◆ **Supplied material**
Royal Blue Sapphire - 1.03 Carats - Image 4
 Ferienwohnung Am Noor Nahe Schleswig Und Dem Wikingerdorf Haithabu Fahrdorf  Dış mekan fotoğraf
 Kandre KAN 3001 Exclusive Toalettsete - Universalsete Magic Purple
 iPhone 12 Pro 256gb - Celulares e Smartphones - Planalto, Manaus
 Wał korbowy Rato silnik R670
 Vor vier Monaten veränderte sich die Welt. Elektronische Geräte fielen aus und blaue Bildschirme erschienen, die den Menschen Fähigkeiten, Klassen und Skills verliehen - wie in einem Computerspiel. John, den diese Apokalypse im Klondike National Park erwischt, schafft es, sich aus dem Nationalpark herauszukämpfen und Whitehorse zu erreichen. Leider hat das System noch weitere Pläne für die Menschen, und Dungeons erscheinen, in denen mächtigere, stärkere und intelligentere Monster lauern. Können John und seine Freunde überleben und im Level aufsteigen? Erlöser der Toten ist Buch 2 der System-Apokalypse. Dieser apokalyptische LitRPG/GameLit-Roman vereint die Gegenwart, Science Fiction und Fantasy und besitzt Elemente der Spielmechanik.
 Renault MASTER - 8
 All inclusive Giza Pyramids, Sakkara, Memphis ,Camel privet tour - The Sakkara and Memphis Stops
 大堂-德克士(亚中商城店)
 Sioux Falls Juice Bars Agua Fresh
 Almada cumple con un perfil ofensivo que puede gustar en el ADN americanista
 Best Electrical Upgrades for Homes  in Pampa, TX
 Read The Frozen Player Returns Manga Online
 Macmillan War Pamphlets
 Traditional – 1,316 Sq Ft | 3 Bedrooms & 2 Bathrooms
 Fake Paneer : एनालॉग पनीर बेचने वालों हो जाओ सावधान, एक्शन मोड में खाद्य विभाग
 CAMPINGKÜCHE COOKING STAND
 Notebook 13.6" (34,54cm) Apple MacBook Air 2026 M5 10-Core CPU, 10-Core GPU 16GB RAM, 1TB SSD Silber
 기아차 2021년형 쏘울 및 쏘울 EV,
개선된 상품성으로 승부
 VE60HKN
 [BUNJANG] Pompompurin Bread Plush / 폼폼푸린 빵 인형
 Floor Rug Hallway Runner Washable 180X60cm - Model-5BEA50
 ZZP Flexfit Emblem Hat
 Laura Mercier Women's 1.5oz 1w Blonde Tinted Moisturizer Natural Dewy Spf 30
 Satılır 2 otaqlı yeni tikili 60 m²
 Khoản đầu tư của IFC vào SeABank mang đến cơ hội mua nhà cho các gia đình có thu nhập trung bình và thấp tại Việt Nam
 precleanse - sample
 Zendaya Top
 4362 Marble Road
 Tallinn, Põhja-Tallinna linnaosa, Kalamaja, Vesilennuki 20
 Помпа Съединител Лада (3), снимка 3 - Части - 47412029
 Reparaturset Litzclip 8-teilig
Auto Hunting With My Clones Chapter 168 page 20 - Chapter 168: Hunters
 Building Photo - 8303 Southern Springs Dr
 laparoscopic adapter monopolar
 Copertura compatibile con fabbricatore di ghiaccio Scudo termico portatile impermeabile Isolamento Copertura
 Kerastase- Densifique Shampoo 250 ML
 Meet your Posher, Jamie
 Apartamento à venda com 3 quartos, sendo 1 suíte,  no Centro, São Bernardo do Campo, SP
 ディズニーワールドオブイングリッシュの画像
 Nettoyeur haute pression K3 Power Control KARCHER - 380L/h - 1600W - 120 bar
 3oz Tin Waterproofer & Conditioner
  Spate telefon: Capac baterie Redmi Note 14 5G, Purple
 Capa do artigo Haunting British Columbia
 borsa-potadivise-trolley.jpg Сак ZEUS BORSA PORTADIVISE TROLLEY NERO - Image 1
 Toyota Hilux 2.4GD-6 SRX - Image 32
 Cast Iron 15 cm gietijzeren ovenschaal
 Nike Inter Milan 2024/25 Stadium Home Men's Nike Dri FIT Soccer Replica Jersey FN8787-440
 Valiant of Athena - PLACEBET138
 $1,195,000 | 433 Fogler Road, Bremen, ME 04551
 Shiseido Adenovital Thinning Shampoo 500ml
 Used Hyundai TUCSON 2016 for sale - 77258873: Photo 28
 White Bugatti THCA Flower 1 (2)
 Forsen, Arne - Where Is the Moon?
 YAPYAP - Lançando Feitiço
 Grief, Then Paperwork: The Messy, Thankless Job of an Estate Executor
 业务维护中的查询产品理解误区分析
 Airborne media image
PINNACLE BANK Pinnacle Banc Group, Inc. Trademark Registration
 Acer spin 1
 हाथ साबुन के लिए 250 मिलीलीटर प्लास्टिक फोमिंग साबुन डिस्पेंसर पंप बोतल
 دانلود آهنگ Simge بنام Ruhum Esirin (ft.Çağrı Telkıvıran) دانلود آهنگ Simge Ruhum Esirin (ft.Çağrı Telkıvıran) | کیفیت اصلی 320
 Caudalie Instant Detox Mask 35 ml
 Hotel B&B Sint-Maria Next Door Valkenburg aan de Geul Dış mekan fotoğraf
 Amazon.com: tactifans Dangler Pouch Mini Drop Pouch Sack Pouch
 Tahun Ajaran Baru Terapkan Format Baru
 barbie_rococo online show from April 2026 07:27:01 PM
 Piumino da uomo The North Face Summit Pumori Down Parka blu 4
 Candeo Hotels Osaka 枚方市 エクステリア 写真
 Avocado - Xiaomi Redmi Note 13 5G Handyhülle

◆ **Work request**
Of the entries listed above, reproduce only the lines starting at the line containing "Satılır 2 otaqlı yeni tikili 60 m²" and ending at the line containing "Piumino da uomo". Include both, exactly as they stand.

◆ **Solution to this problem**
 Satılır 2 otaqlı yeni tikili 60 m²
 Khoản đầu tư của IFC vào SeABank mang đến cơ hội mua nhà cho các gia đình có thu nhập trung bình và thấp tại Việt Nam
 precleanse - sample
 Zendaya Top
 4362 Marble Road
 Tallinn, Põhja-Tallinna linnaosa, Kalamaja, Vesilennuki 20
 Помпа Съединител Лада (3), снимка 3 - Части - 47412029
 Reparaturset Litzclip 8-teilig
Auto Hunting With My Clones Chapter 168 page 20 - Chapter 168: Hunters
 Building Photo - 8303 Southern Springs Dr
 laparoscopic adapter monopolar
 Copertura compatibile con fabbricatore di ghiaccio Scudo termico portatile impermeabile Isolamento Copertura
 Kerastase- Densifique Shampoo 250 ML
 Meet your Posher, Jamie
 Apartamento à venda com 3 quartos, sendo 1 suíte,  no Centro, São Bernardo do Campo, SP
 ディズニーワールドオブイングリッシュの画像
 Nettoyeur haute pression K3 Power Control KARCHER - 380L/h - 1600W - 120 bar
 3oz Tin Waterproofer & Conditioner
  Spate telefon: Capac baterie Redmi Note 14 5G, Purple
 Capa do artigo Haunting British Columbia
 borsa-potadivise-trolley.jpg Сак ZEUS BORSA PORTADIVISE TROLLEY NERO - Image 1
 Toyota Hilux 2.4GD-6 SRX - Image 32
 Cast Iron 15 cm gietijzeren ovenschaal
 Nike Inter Milan 2024/25 Stadium Home Men's Nike Dri FIT Soccer Replica Jersey FN8787-440
 Valiant of Athena - PLACEBET138
 $1,195,000 | 433 Fogler Road, Bremen, ME 04551
 Shiseido Adenovital Thinning Shampoo 500ml
 Used Hyundai TUCSON 2016 for sale - 77258873: Photo 28
 White Bugatti THCA Flower 1 (2)
 Forsen, Arne - Where Is the Moon?
 YAPYAP - Lançando Feitiço
 Grief, Then Paperwork: The Messy, Thankless Job of an Estate Executor
 业务维护中的查询产品理解误区分析
 Airborne media image
PINNACLE BANK Pinnacle Banc Group, Inc. Trademark Registration
 Acer spin 1
 हाथ साबुन के लिए 250 मिलीलीटर प्लास्टिक फोमिंग साबुन डिस्पेंसर पंप बोतल
 دانلود آهنگ Simge بنام Ruhum Esirin (ft.Çağrı Telkıvıran) دانلود آهنگ Simge Ruhum Esirin (ft.Çağrı Telkıvıran) | کیفیت اصلی 320
 Caudalie Instant Detox Mask 35 ml
 Hotel B&B Sint-Maria Next Door Valkenburg aan de Geul Dış mekan fotoğraf
 Amazon.com: tactifans Dangler Pouch Mini Drop Pouch Sack Pouch
 Tahun Ajaran Baru Terapkan Format Baru
 barbie_rococo online show from April 2026 07:27:01 PM
 Piumino da uomo The North Face Summit Pumori Down Parka blu 4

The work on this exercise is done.